Other insects included the mayflies 2 Pond Olives Cloeon dipterum and 4 Pale Evening Duns Procloeon bifidum, the green lacewings Chrysoperla carnea (a confirmed male and 2 presumed females) and Dichochrysa flavifrons, the brown lacewings Hemerobius lutescens (new for the year) and 4 Micromus variegatus, the caddisflies 2 Hydropsyche siltalai, Mottled Sedge Glyphotaelius pellucidus and 7 Limnephilus auricula, 2 Bradycellus verbasci (beetles), 2 Harlequin Ladybirds, a Marmalade Fly Episyrphus balteatus and 2 Hornets.

Next day at the Cathedral Meadows Essex Skipper was the best of the butterflies.

Essex Skipper, North Elmham Cathedral Meadows, 28th July

Dragonflies included Banded Demoiselle and Common Darter.

Bamded Demoiselle, North Elmham Cathedral Meadows, 28th July

Common Darter, North Elmham Cathedral Meadows, 28th July

Moths were Maple Button Acleris forsskaleana, 3 Straw Grass-veneers Agriphila straminella, 2 Common Grass-veneers Agriphila tristella, 2 Pale Straw Pearls Udea lutealis and Yellow Shell.

There was a Blue-winged Olive Serratella ignita (a mayfly) and both Field and Meadow Grasshoppers.  There were 20 7-spot Ladybirds, 2 Marmalade Flies Episyrphus balteatus, a Common Wasp and a Garden Bumblebee.

Common Wasp, North Elmham Cathedral Meadows, 28th July

Garden Bumblebee, North Elmham Cathedral Meadows, 28th July

That night there were only 49 species of moth in the garden, but one of them was new for the garden, Waste Grass-veneer Pediasia contaminella, and another new for the year, Small Birch Bell Epinotia ramella.

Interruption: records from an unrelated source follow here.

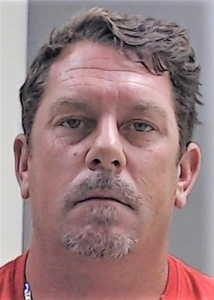 Hamilton Brigner Devon a registered Sex Offender of Pennsylvania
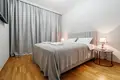 Вилла 6 комнат 220 м² Rijeka Rezevici, Черногория
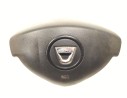 AIRBAG DELANTERO IZQUIERDO 985105118R 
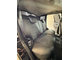 Чехлы на LADA Niva Travel (с 2020)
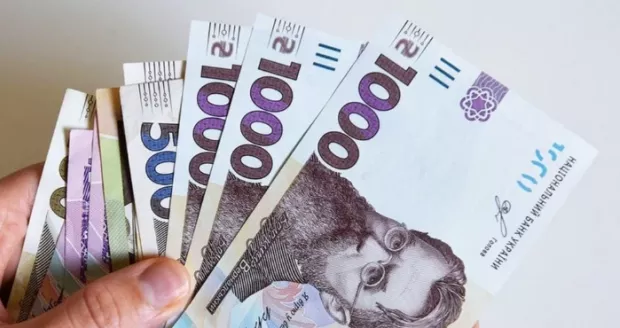 З 1 січня більшість українців мають останній шанс вийти на пенсію у 60 років: Що варто знати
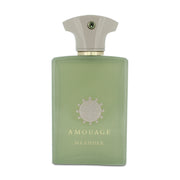 Amouage Meander 100ml Eau De Parfum Unisex (Blemished Box)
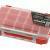 Select Terminal Tackle Box SLHX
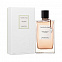 Van Cleef & Arpels Rose Rouge 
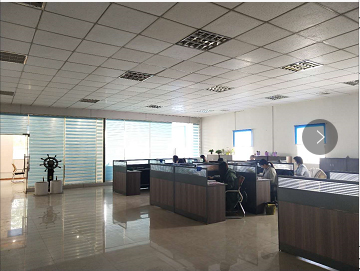 1605756238594316.jpg 7.jpg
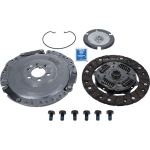 SACHS 3000 288 002 Kupplungssatz SACHS 3000 288 002 Kupplungssatz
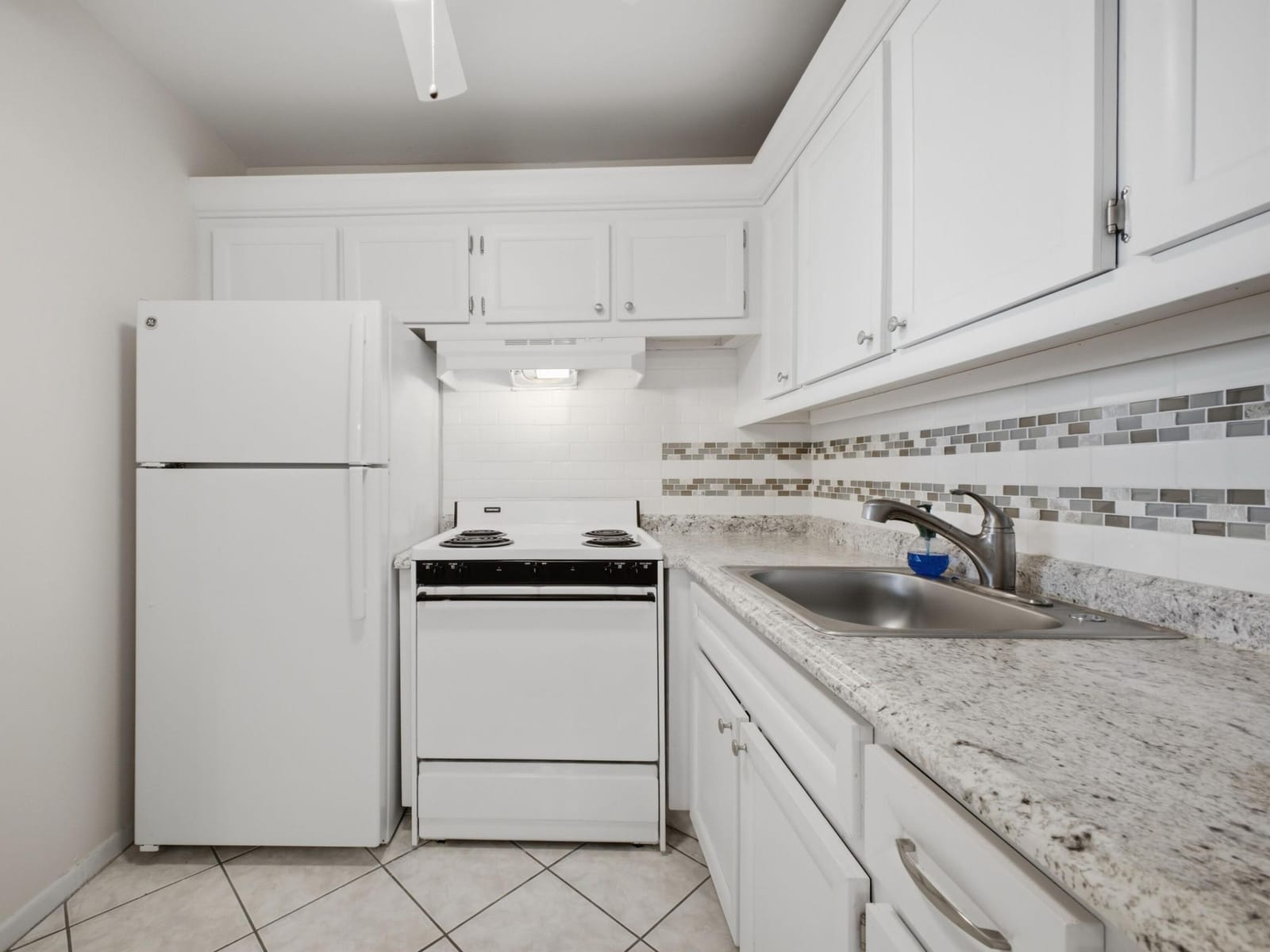 350 Horizons E 302, Boynton Beach, FL 33435 photo 15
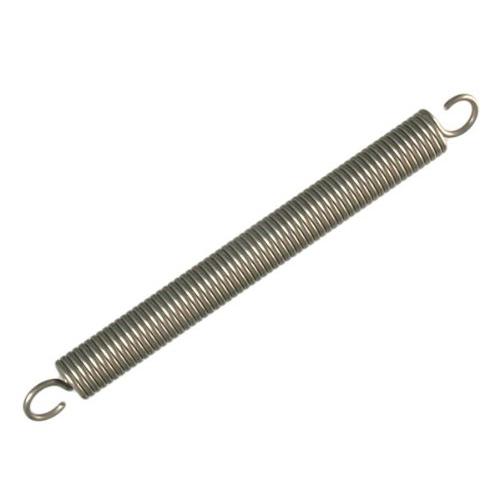 ハイロジック ステン引バネ10×104.7 S-082 1.4mm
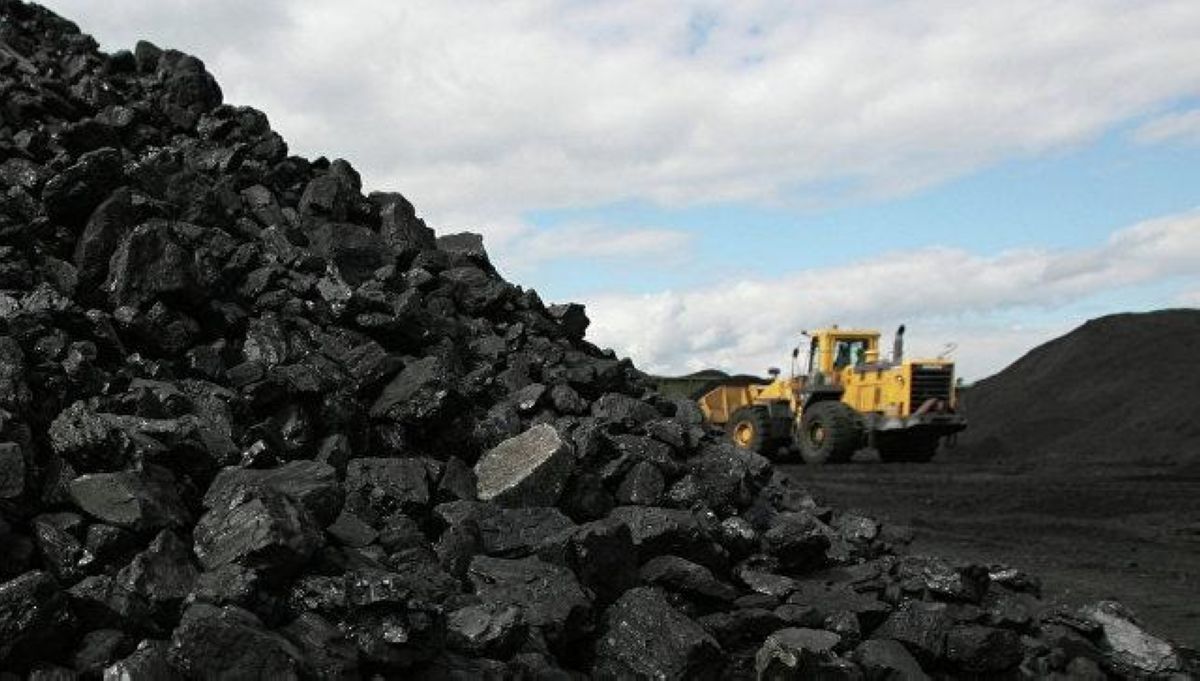 Kómir kezegin qalaı retteýge bolady?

Waste Grass-veneer Pediasia contaminella, North Elmham, 28th July

Small Birch Bell Epinotia ramella, North Elmham, 28th July

The other 47 were Bird’s-nest Moth Tinea trinotella, Clover Case-bearer Coleophora alcyonipennella, Little Dwarf Elachista canapennella, Common Flat-body Agonopterix heracliana, 2 Brindled Flat-bodies Agonopterix arenella, Cinerous Neb Bryotropha terrella, Orange Crest Helcystogramma rufescens, 5 Dingy Dowds Blastobasis adustella, Rush Marble Bactra lancealana, 2 Marbled Piercers Cydia splendana, Garden Grass-veneer Chrysoteuchia culmella, 55 Straw Grass-veneers Agriphila straminella, 19 Common Grass-veneers Agriphila tristella, Chequered Grass-veneer Catoptria falsella, Small Grey Eudonia mercurella, Ringed China-mark Parapoynx stratiotata, Pale Straw Pearl Udea lutealis, 2 Mother of Pearls Pleuroptya ruralis, Rosy Tabby Endotricha flammealis, Beautiful Plume Amblyptilia acanthadactyla, 2 Common Plumes Emmelina monodactyla, 2 Single-dotted Waves, Small Scallop, 3 Riband Waves, 2 Red Twin-spot Carpets, 3 Dark-barred Twin-spot Carpets, 2 Shaded Broad-bars, 2 Magpie Moths, Scorched Carpet, Coxcomb Prominent, Yellow-tail, Common Footman, Buff Ermine, 2 Ruby Tigers, Turnip Moth, 2 Shuttle-shaped Darts, 2 Flame Shoulders, 3 Setaceous Hebrew Characters, Copper Underwing, Straw Underwing, Common Rustic, Lesser Common Rustic, Uncertain, 2 Rustics, Silver Y, 4 Straw Dots and Snout.

There wasn't much else apart from moths either: the mayfly Pond Olive Cloeon dipterum, the brown lacewing Micromus variegatus, the caddisflies 3 Limnephilus rhombicus, the mirid bug Lygus rugulipennis and a Hornet.